With the next Canadian federal election set to take place in the fall, I decided that the best way to engage in active citizenship and to have an impact in my community was to volunteer for a federal party. I decided to send my information to one of the three main political parties. I filled out the online application and as soon as I clicked “send” copious amount of emails were sent to me asking for monetary donations. And this bothered me.
Although I have two political science degrees, I was upset with what occurred. I know that parties, and politicians, would love to get every penny they could out of us for their own benefit, but I thought I had been clear with my intent when I signed up through the volunteer page. What bothered me the most was that in one of the first emails they sent to me, they asked me to share my personal opinions with them, however, in the very next line they asked me to make a donation. I found out very quickly that my opinion was going to cost me.
I did not send them money. If my opinion mattered, then it would matter with or without monetary support. The series of emails that kept coming to me for the last two weeks, simply exacerbated my already cynical view of the political process and diminished my appreciation for the electoral process and politics itself. I concluded that the politicians are themselves to blame for poor electoral turnout.

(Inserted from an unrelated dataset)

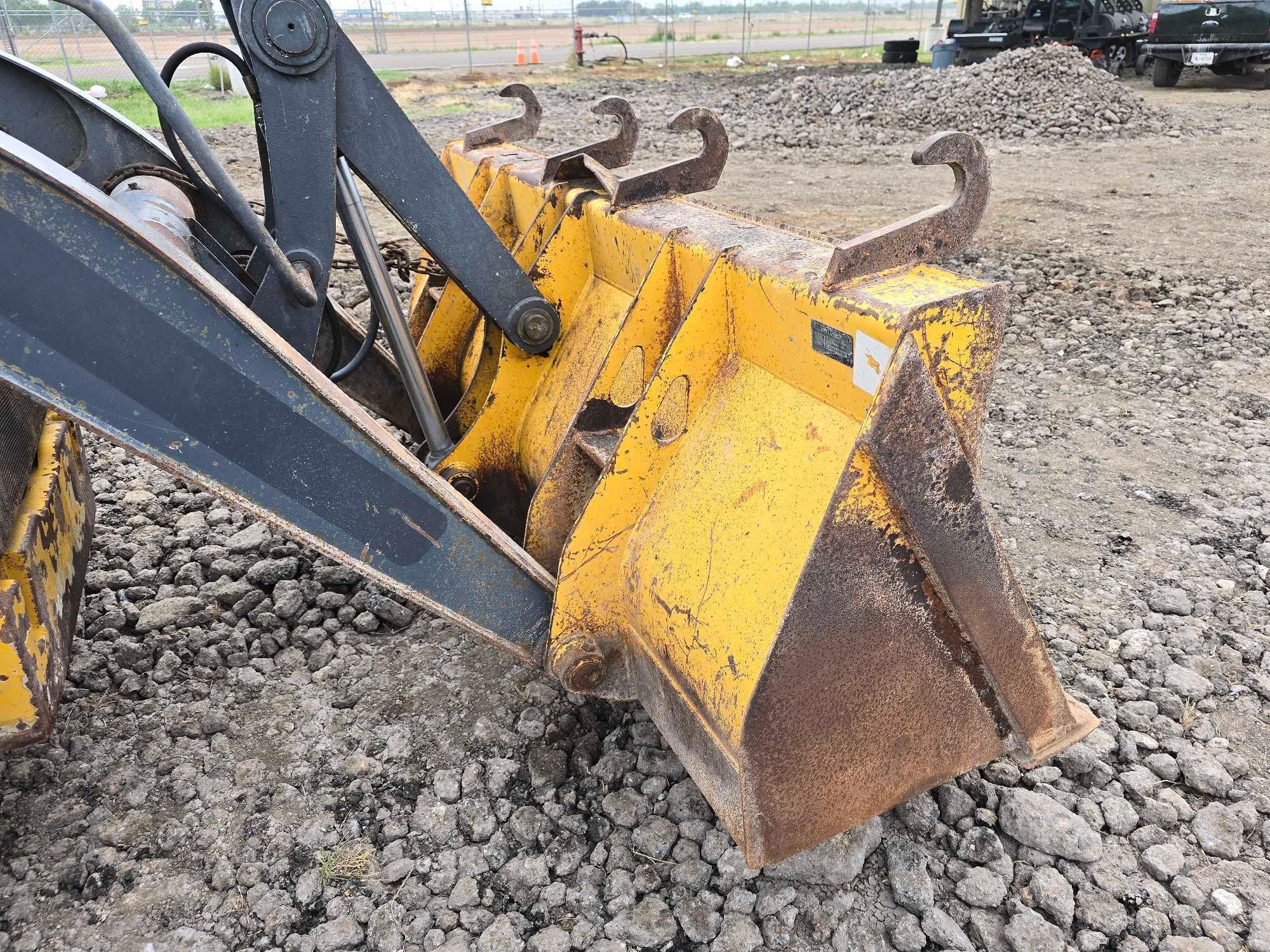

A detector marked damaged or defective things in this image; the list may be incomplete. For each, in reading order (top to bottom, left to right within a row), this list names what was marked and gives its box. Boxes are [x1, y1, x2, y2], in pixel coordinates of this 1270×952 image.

Although I would never abstain my vote—considering that Bill C-24 together with Bill C-51 have now made me a second-class citizen, the right to vote is something I can no longer take for granted—but this ordeal has made me very resentful to a party I had voted for in previous elections. If my mood can so easily sour towards politics, which I had actively pursued in my academic studies, or to a party I had voted for on numerous occasions, then I really have to ask who is at fault.
My opinion is that politicians have made politics a dirty word because of their self-interest and the nepotism that surrounds their operation. Moreover, I feel that they have taken the voter for granted for far too long. Politics is more than the wielding of power or statecraft, it’s about active citizenship. And when people no longer feel that active citizenship is attainable, the parties will have no one to turn to, no one to elect them and no one to fund them.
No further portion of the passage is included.